Ahhh sorry, for some reason I equated home movies with the stuff we used to rent at the video store.

In that case, I'd go for DVD as a starting point as you already have the machine. DVDs will last a good while if stored properly (in that same cool, dry place with no sunlight everything wants to be stored). If you're worried, you can duplicate them every 5-10 years with far less effort than the initial VHS transfer.

For long term archival, I would suggest two copies on external USB hard drives (the cheaper spinning kind). Not because they're the best medium (though they're not bad at all) but because they make it trivial to create a new copy every 5-10 years. And to keep one in a safe location which is not your home.


----------



## Userkare (Nov 17, 2014)

I bought one of these...

https://www.siig.com/it-products/multimedia/video-capture/usb-2-0-video-capture-device.html

a long time ago. I converted lots of VHS family videos that my dad had made. I stored the result on a network assessable hard drive ( NAS ) that is backed up on a regular basis. The NAS has a feature to stream media to any device that supports the DLNA standard, so we can view the videos on smart TVs, tablets, etc. If a relative wants a copy, I burn a DVD for them.


----------



## jargey3000 (Jan 25, 2011)

yes, User...i stumbled across these things when googling...now, if I only knew what DLNA was...:tongue:


----------



## Userkare (Nov 17, 2014)

jargey3000 said:


> ...now, if I only knew what DLNA was...:tongue:



Sometimes the inner geek sneaks past the editor.

Well, at least I spelled out what a "NAS" was - saved you some google time there.


----------



## jargey3000 (Jan 25, 2011)

:smiley_simmons::smiley_simmons:

(BTW ..."NAS", when googled , turned up "Network Attached Storage" mostly....same thing?)


----------



## Userkare (Nov 17, 2014)

jargey3000 said:


> :smiley_simmons::smiley_simmons:
> 
> (BTW ..."NAS", when googled , turned up "Network Attached Storage" mostly....same thing?)


Same thing; I've seen it said both ways. To say "attached" makes me think of directly wired, whereas "accessible" extends that meaning to a wider area network like the Internet in which case it's not really "attached" to the internet, per se, but is accessible from it.

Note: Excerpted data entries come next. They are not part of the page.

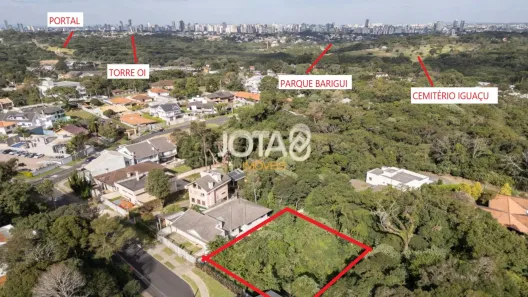 Lote/Terreno à venda, 2362m² no Cascatinha, Curitiba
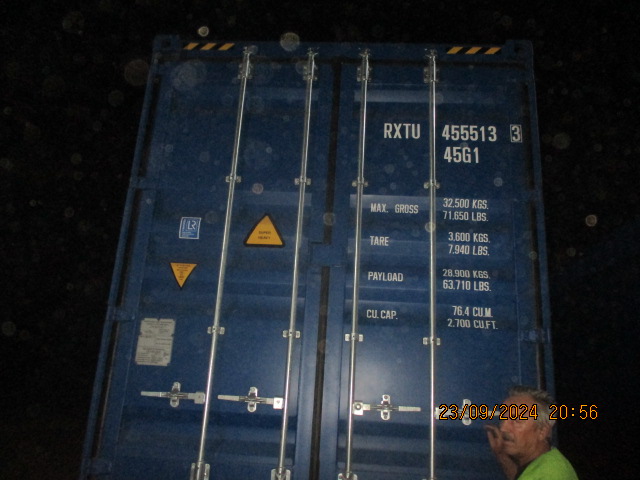 Морской контейнер RXTU4555133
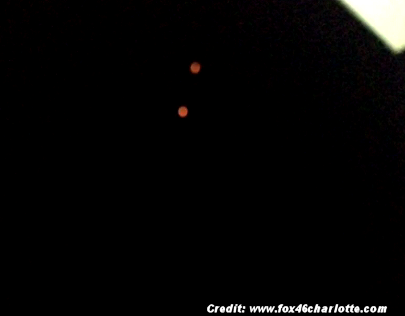 UFO Sighting Over Lake Wylie - North Carolina 1-5-16
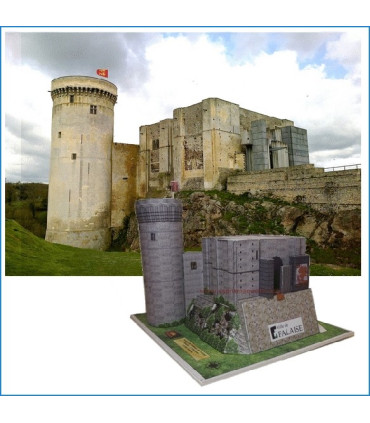 Maquette du Donjon du Château de Falaise (14)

In any case it's storage that is typically not contained inside a specific computer - (although one could create a 'share' on a computer and refer to that as a NAS) - and is accessable to any device on the network. They're generally sold as stand-alone boxes with or without a HD ( add your own ), and usually have more functions than just simply storage... like media servers ( mine serves Apple iTunes and DLNA protocols ).

But back to your original question... I don't know if there's a free way to do the conversion, unless you just happen to have a graphics card with a composite video input. These small USB devices are cheap because they don't handle high definition sources like component video (RGB) or HDMI. Still, if you're only ever going to use it one time, then maybe not worth the cost to purchase. For me, in addition to digitizing VHS tapes, I've used mine to take over 100 old vinyl LPs and make MP3 digital music files from them. Once you have any media source converted to digital, you can move the file between Hard Disks, USB, and CD/DVD with no loss of quality. Unlike the old days when each copy was less quality than the original.

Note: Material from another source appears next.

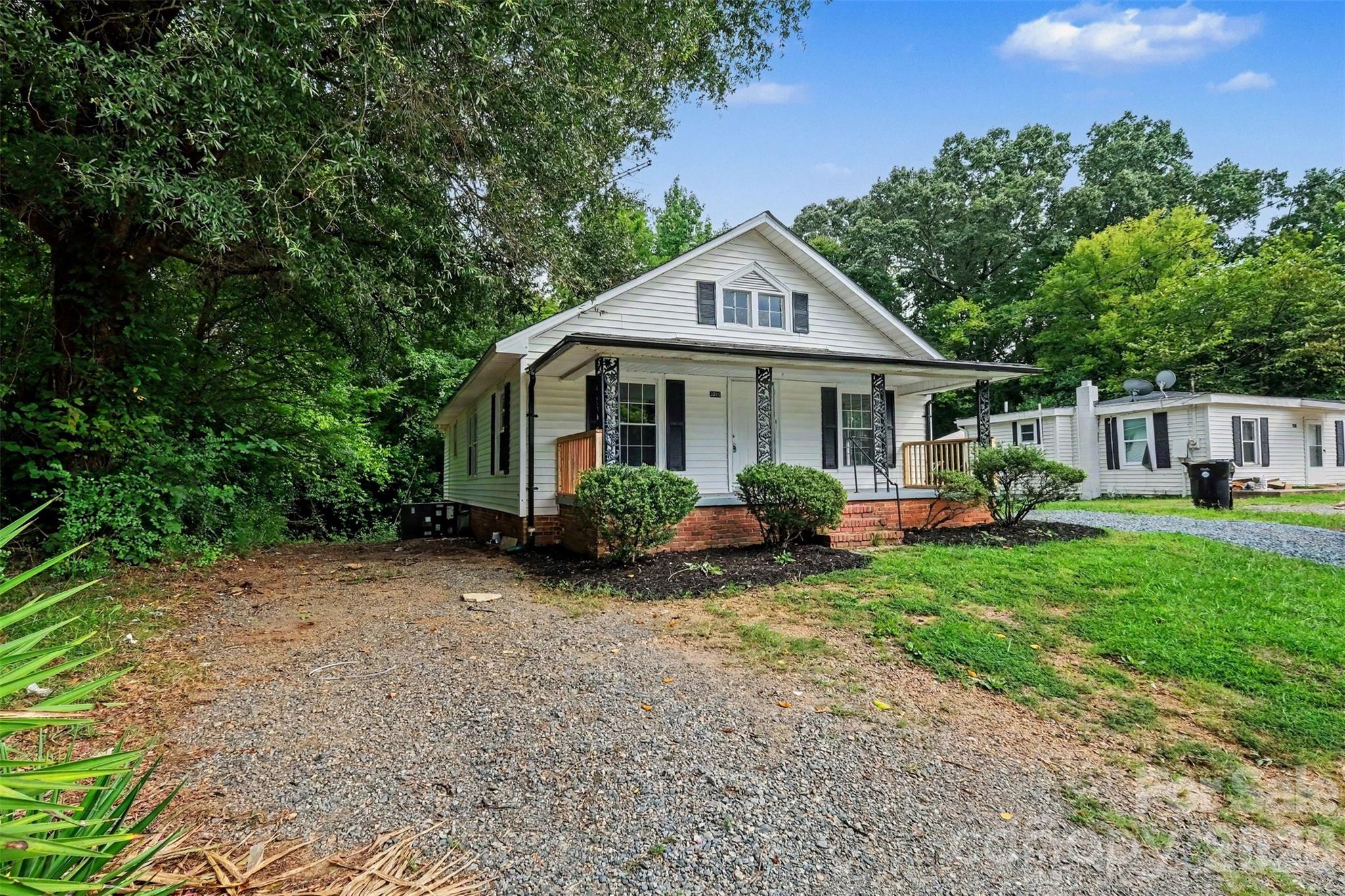 Front Exterior - 3860 Rock Hill Church Road, Concord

Hey, here's an idea... play the VHS tape to a TV, then use a smartphone to record the video; just try to hold the phone really still for a couple hours and keep the dog quiet. :cocksure:


Back in H.S. in the 60's, my cousin used to record music for our rock band to learn by putting a microphone in front of the radio with a reel-to-reel tape recorder. I remember on one such tape the doorbell rang , his dog started barking, and he swore a blue streak. When we practiced that song, someone would go "ding dong", another would bark, the third start swearing, and everyone laughed. See what fun we miss these days because of technology - that could never happen today.


----------



## jargey3000 (Jan 25, 2011)

hahaha.....there's a bob dylan song out there somewhere - with a dog barking- dog just wandered in , during the recording...bob decided to just leave it in....(mighta been neil young.? ....no, i think it was bob...)
must go google it...


----------



## Eclectic12 (Oct 20, 2010)

jargey3000 said:


> ... but here's the kicker....when i asked why they dont do it to usbs, which is more " up to date" the girl said yes, they get asked that alot.
> 
> the reason is USBs apparently only have a shelf life of about 10 years, before the corrupt or wharever...
> never heard of that before?


YMMV ... I had one cheap one corrupt in less than two years. Articles on the subject say the amount of reading/writing will shorten the life span.

Bottom line is that if it is irreplaceable and/or not easily duplicated, multiple copies and possibly media are probably a good idea.

https://www.ricksdailytips.com/how-long-will-flash-drive-retain-data/
https://www.integralmemory.com/faq/how-long-will-data-stay-valid-usb-drive
https://askbobrankin.com/how_long_do_flash_drives_last.html


I can remember back in the day when there were some who felt mislead that CDs would last forever when they don't.
https://www.makeuseof.com/tag/cds-truth-cddvd-longevity-mold-rot/


Cheers


----------